◆ Task details ◆
The answer must consist solely of the lines below starting at the one containing "Premium black blazer" and ending at the one containing "1978 Ford Bronco", repeated exactly, with both ends included and all pictures omitted.

◆ Information supplied ◆
####

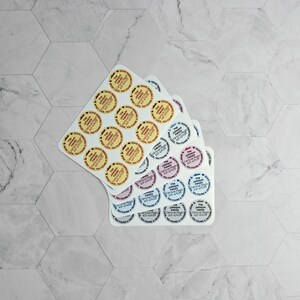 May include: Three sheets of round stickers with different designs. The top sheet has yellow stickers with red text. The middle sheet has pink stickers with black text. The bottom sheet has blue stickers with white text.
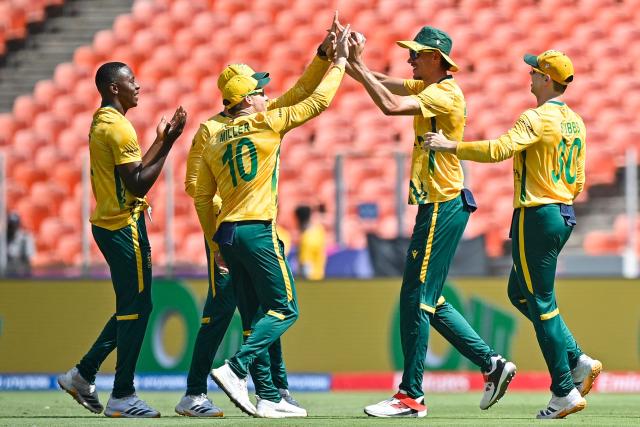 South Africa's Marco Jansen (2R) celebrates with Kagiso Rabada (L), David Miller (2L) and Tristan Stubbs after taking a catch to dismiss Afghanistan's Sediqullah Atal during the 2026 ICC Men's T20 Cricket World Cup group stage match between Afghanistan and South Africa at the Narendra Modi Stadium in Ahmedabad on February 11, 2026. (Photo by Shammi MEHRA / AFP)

####

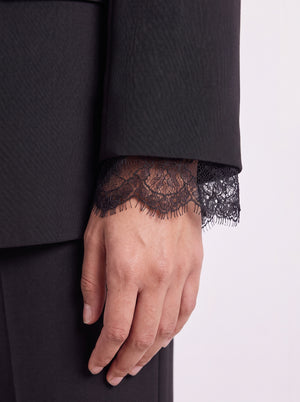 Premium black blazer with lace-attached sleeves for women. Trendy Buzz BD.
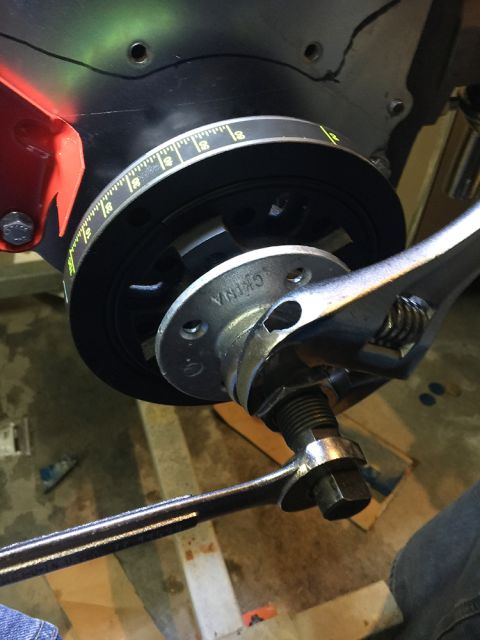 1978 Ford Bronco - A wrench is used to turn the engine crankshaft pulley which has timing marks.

####

◆ Reply ◆
 Premium black blazer with lace-attached sleeves for women. Trendy Buzz BD.
 1978 Ford Bronco - A wrench is used to turn the engine crankshaft pulley which has timing marks.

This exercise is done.